Created as a continuous 30-second virtual dolly shot, the spot depicts all manner of animated carnage before finally gliding up to reveal the two lookouts in the ships’ crows nests kissing. Aww.

See a look development breakdown of Pirate Smooch on visual lead Carol Ratajczak’s website


Poilus

Creators: Guillaume Auberval, Léa Dozoul, Simon Gomez, Timothé Hek, Hugo Lagrange, Antoine Laroye, David Lashcari
School: ISART Digital

This four-minute student short from French animation school ISART Digital recreates trench warfare more for pathos than horror, replaying World War I from the point of view of a cast of animated animals.

Sadly, there doesn’t seem to be a complete making-of video online, but you can see individual shot breakdowns and turntables of some of the CG assets on the demo reels linked below.
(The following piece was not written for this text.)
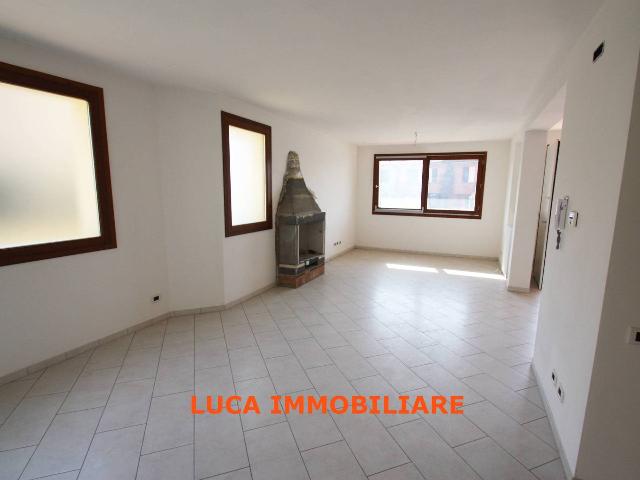 Villa in Via dei Colli 13, Montecatini-Terme - Foto 1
See breakdowns of assets from Poilus on Timothé Hek and Antoine Laroye‘s demo reels


Résistance

Creators: Alex Chauvet, Anna Le Danois, Quentin Foulon, Fabien Glasse, Juliette Jean, Julie Narat
School: MOPA

The second MOPA student short to make this year’s Electronic Theater line-up, Résistance depicts a totalitarian state in which humans are subjugated by giant insects.

Again, we could only find the trailer above online, but the reels linked below show the storyboard and animatic for key shots, along with turntables of some of the human characters.

See the previs for Résistance and turntables of the key characters


Scrambled

Director: Bastiaan Schravendeel
Studio: Polder Animation

After electronic gamer Esra misses her train late one evening, a discarded Rubik’s cube tries tries to get her attention in an attempt to get solved, in Dutch studio Polder Animation’s charming CG short.

A “side project that quickly grew larger and larger”, Scrambled is still doing the rounds of the film festivals, but should appear on Polder Animation’s website in full next year.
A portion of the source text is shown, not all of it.